[ASSIGNED TASK] For the listing that follows, give again exactly the lines from the one with "Inglesina Duo Aptica" to the one with "SPF 70+ Sport", including both.

[DATASET EXTRACT]
┄┄┄┄┄┄┄┄┄┄

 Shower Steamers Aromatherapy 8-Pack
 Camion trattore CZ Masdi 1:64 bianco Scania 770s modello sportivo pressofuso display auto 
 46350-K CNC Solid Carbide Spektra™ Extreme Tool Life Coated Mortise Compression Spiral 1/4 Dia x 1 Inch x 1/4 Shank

┄┄┄┄┄┄┄┄┄┄

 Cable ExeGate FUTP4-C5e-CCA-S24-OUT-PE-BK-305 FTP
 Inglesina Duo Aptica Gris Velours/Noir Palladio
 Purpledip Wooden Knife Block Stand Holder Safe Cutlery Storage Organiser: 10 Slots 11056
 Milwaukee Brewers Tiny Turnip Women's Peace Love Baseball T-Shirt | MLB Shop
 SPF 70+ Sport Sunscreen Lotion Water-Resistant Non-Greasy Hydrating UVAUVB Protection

┄┄┄┄┄┄┄┄┄┄

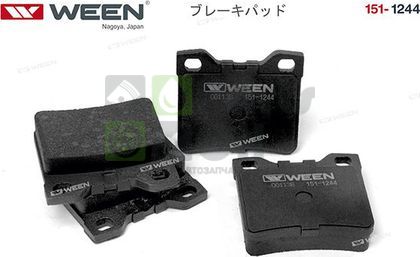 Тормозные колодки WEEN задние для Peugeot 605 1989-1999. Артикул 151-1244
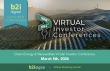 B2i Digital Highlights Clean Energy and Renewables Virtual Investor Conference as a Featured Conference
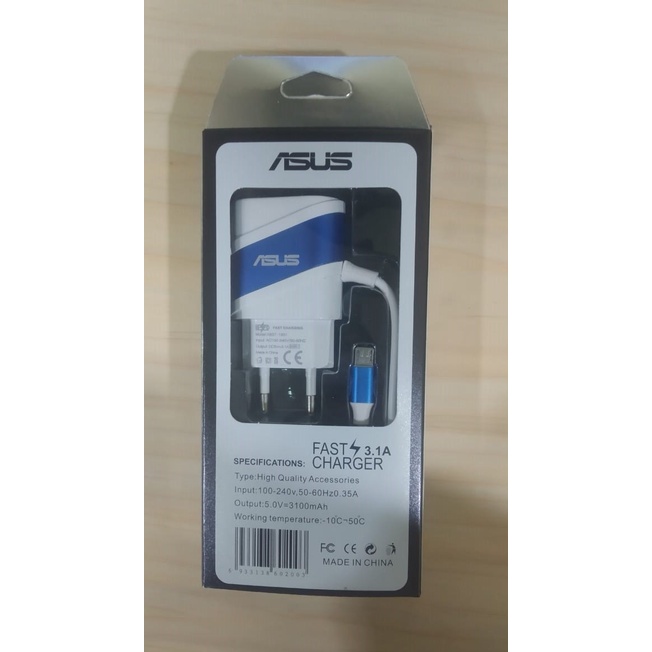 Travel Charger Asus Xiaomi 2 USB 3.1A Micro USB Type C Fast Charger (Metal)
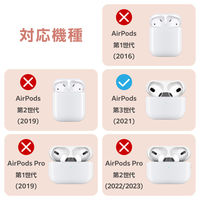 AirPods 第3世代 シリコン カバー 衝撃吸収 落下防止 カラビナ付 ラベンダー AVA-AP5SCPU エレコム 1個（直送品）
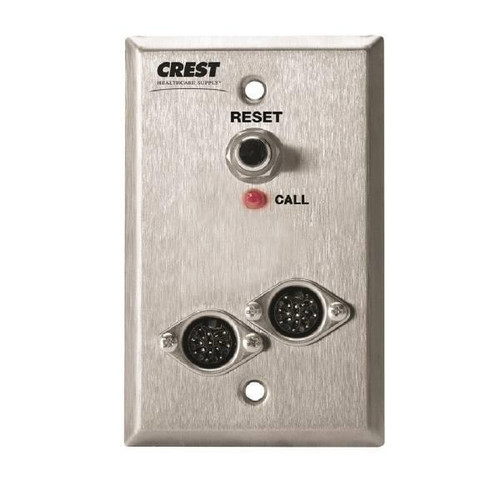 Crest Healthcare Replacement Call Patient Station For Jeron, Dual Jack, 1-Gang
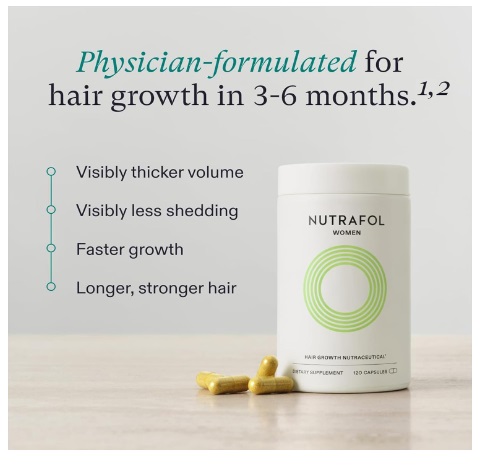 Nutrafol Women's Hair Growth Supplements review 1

┄┄┄┄┄┄┄┄┄┄

[RESPONSE FOR THIS EXERCISE]
 Inglesina Duo Aptica Gris Velours/Noir Palladio
 Purpledip Wooden Knife Block Stand Holder Safe Cutlery Storage Organiser: 10 Slots 11056
 Milwaukee Brewers Tiny Turnip Women's Peace Love Baseball T-Shirt | MLB Shop
 SPF 70+ Sport Sunscreen Lotion Water-Resistant Non-Greasy Hydrating UVAUVB Protection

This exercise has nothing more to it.